On her blog shares student reviews of books they’ve read, another popular feature. “We’ve discussed dystopian novels such as Hunger Games and Divergent

And don’t forget graphic novels.  “I love graphic novels and use quite a few in my class. For more visual learners, it’s a great way to get them into the book and get them hooked on reading,” says Andersen. The novels don’t shy away from tough topics. Gene Luen Yang’s award-winning Boxers and Saints, told from two persepectives of the Boxer Rebellion in China.

Incorporating graphic novels into your curriculum doesn’t mean giving up on the classics says graphic novelist and illustrator Gareth Hinds, who recreates such classics as Beowulf, The Odyssey, King Lear, and Romeo and Juliet in stunning detail. “My work is just a different entry point,” says Hinds. “Teachers have often used them for students who may initially find the original inaccessible, English Language Learners for example, or struggling readers. But it doesn’t mean they don’t also use the original.

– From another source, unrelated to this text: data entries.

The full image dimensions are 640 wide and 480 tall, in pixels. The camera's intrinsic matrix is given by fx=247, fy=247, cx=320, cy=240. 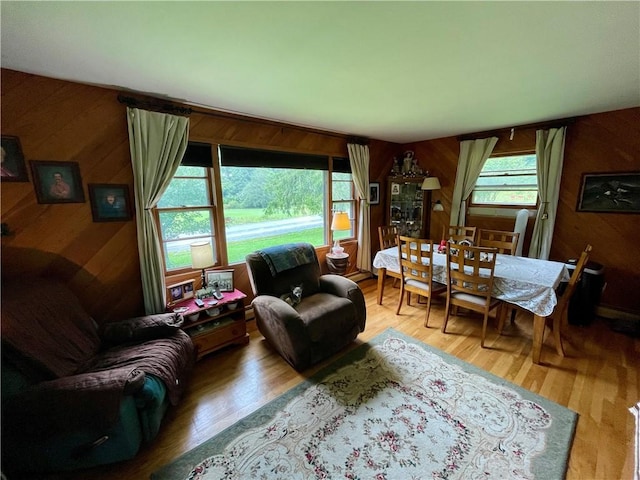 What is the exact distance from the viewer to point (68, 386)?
1.33 m

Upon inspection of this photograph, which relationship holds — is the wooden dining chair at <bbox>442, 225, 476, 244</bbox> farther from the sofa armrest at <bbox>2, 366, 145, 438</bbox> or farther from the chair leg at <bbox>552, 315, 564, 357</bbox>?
the sofa armrest at <bbox>2, 366, 145, 438</bbox>

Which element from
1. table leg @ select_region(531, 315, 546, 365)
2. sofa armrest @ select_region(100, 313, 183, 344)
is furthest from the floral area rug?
sofa armrest @ select_region(100, 313, 183, 344)

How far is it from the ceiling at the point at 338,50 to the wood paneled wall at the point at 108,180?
0.20 metres

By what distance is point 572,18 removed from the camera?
1221 millimetres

They often use our books side by side with terrific results.”

If educators aren’t privy to the vast universe of young adult literature, where do you start? Believe it or not, says Andersen, begin with the very world that some say threatens reading. Begin with social media.

“Publishers and authors have a tremendous presence in the digital world and they’re pulling in readers, says Macmillan Vice President Angus Killick, who helped create MacMillan’s FierceReads twitter campaign and author tour. “If you build it, teens will come.”

Harper Collins Epic Reads site not only offers a peek at some of their latest offerings, but for some, but a suggested music playlist, such as the Spotify playlist of  tunes chosen by author Lauren Oliver for her novel Panic  http://www.epicreads.com/blog/reading-playlist-panic/.

Simon and Schuster’s Pulse site for teens turned it into a twitter contest, with each tweet revealing a piece of the cover. The final reveal occurred after 1,000 tweets. And on Figment, figment.com, readers can read directly online.

Ellen Oh, a young adult author (Providence) and one of the founders of the #WeNeedDiverseBooks campaign,  urges educators to diversify their lists too. “Take a look at the great range of books being written by diverse authors and featuring diverse characters,” says Oh. “Check out the #WeNeedDiverseBooks campaign tumblr  www.weneeddiversebooks.tumblr.com . And don’t forget to check out DiversifYA at www.diversifyYA.com.

Finally, says Andersen, give your students a chance to connect with their favorite authors whether it’s through Skype, twitter, or  Tumblr. “Authors are a great source of material for your classroom. Take the time this summer to check out author websites, twitter campaigns, and book trailers., John Green for example, has 200,000 followers and he posts video blogs as well.  You’ll be so glad you did and so will your students.”

  • Mikey

    Written in July, and NO comments by March……and this on what I perceived to be the single biggest problem in upper level classrooms in my 31 year career as an English teacher! The fact is that fewer and fewer students even read the assignments anymore in the upper grades. Why should they? There are plenty of internet sites that will provide a nice summary of the piece, and they can be perused on the way to school.

    Please read every night to little ones, teach them the value of the written word, the beauty, the sheer art and resulting enjoyment might have long-lasting effects. Let’s not cave to popular culture. Let’s demand and find ways to make literature count in our students’ lives. And let’s comment on huge problems like this!